The lending provisions in the new bill are designed to help small business owners who have seen the value of real estate and other types of collateral sapped by the recession. Among the bill’s many provisions are:

> Small Business Administration (SBA) lending programs. Those seeking SBA loans stand to benefit from the extension of provisions that amped up the SBA’s lending guarantee programs and recently expired fee reductions. The bill also increases the maximum loan size for the SBA’s 7(a), 504, and microloan programs.

The far-reaching changes to the SBA’s guaranteed loan programs—the new bill allows banks to make much larger loans and permits bigger businesses to take advantage of them—could potentially alter the essential character of the SBA borrowers. In essence, it could make them … not very small.

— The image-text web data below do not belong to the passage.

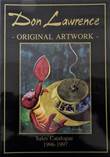 Don Lawrence - Collectie Original Artwork - Sales Catalogue 1996-1997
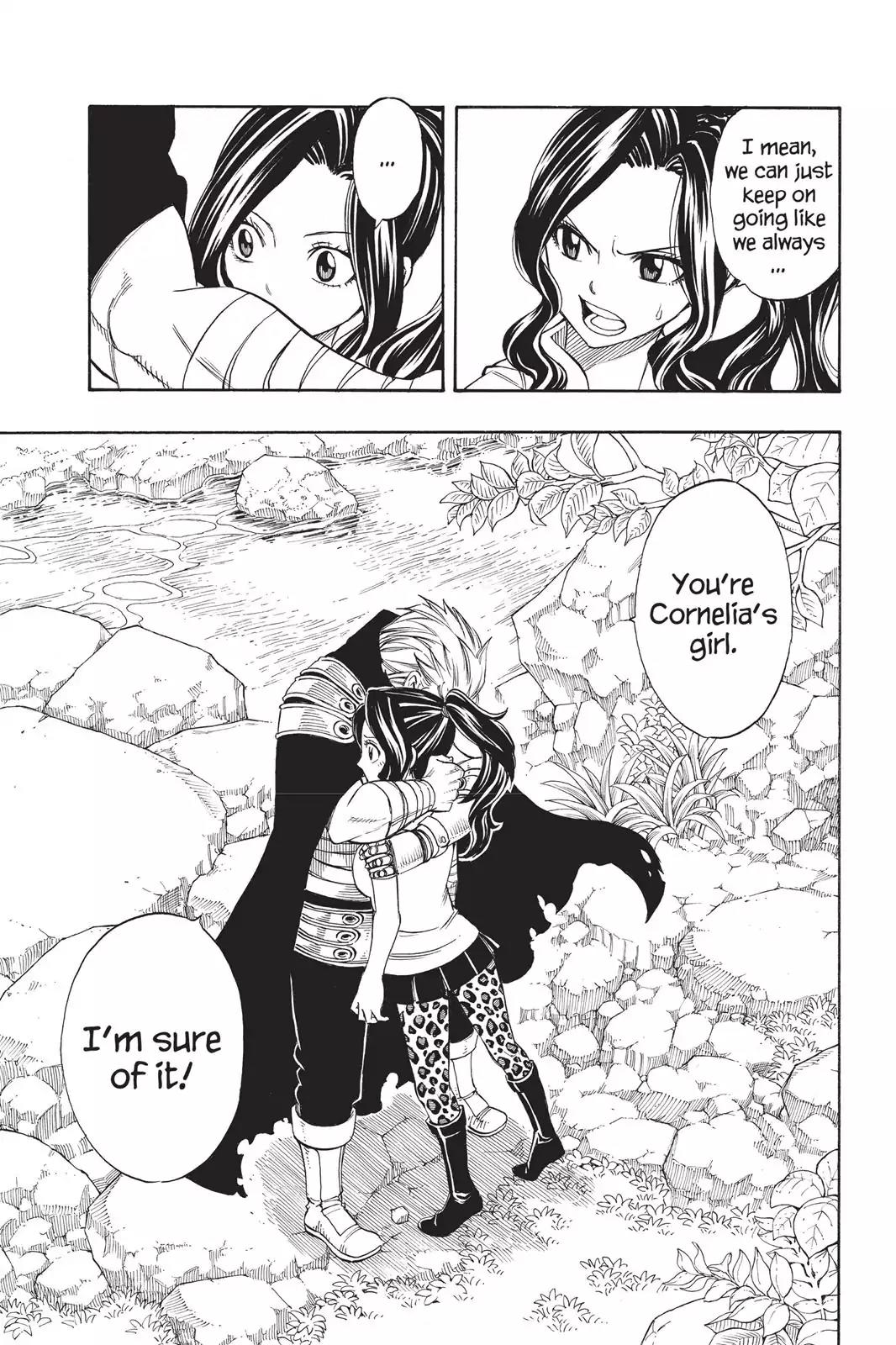 Fairy Tail Chapter 251 page 13 - Chapter 251: The Right to Love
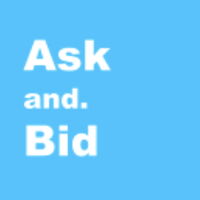 Ask & Bid
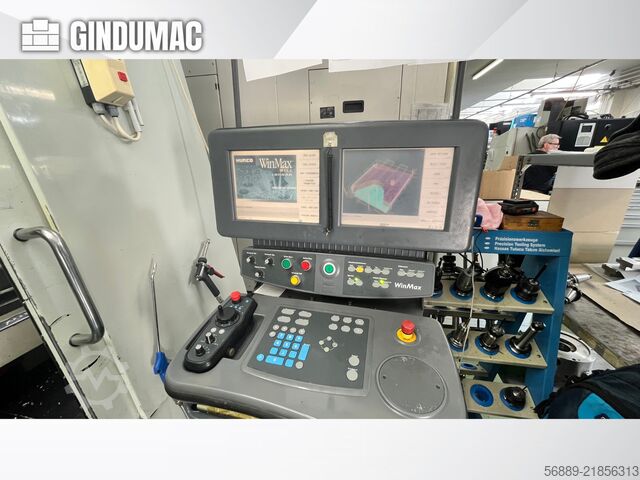 هوركو VMX 42SR Hurco VMX 42SR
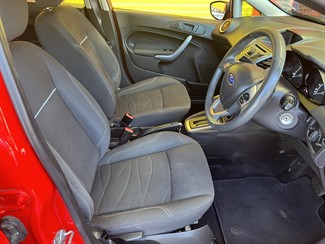 2013 Ford Fiesta - Thumbnail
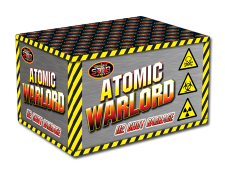 Atomic Warlord 112 Shot Barrage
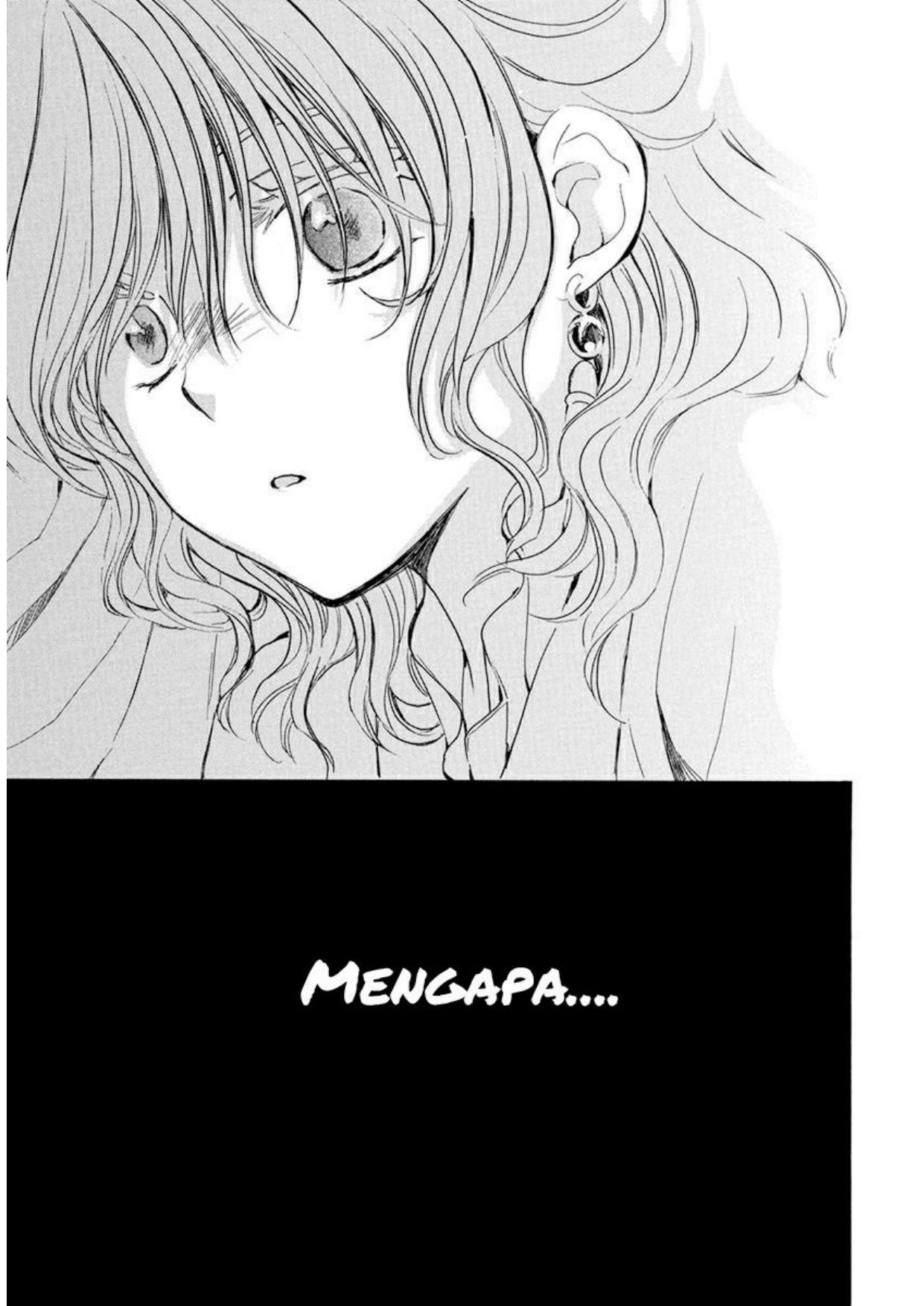 Akatsuki no Yona Chapter 200 Gambar 28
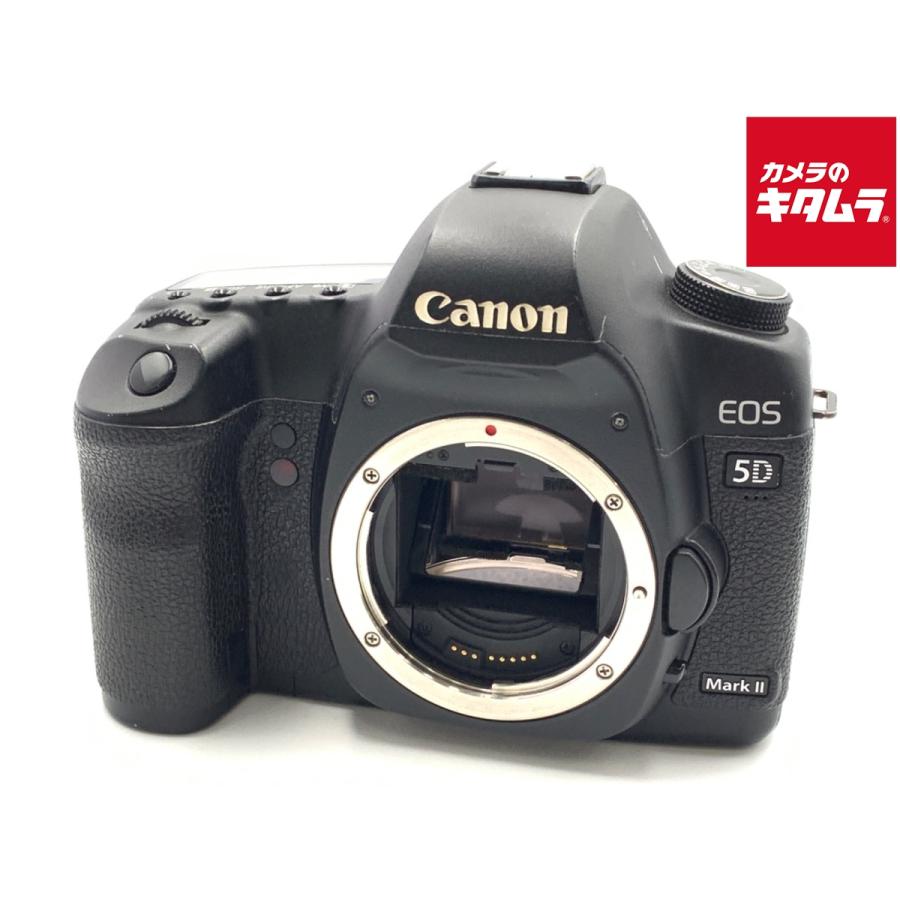 中古】 【難あり品】 キヤノン EOS 5D MarkII ボディ : カメラの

The 7(a) and 504 loan program maximums would jump from $2 million to $5 million, and the microloans would increase from $35,000 to $50,000. Loans made under the SBA Express program would temporarily increase from $300,000 to $1 million. Also included is a temporary allowance for small business owners allowing them to use a 504 loan to finance certain mortgages to avoid foreclosure.

> State Small Business Credit Initiative. This provision would help businesses in states that have successful small-business lending programs and can explain how a loan could help create jobs. States that have these programs and are facing cutbacks due to tight state budgets may be eligible for funding to continue them. The grant pool would total $2 billion, but states would need to show that there has been at least $10 in new lending for every $1 in federal grant money they receive.

> A Small Business Lending Fund. The fund will provide up to $30 billion in capital to financially sound small banks with less than $10 billion in assets to encourage them to lend money to small businesses. As an incentive to lend, banks that increase lending to small business by 10 percent over the previous year will pay as little as 1 percent on the capital they acquire from the fund.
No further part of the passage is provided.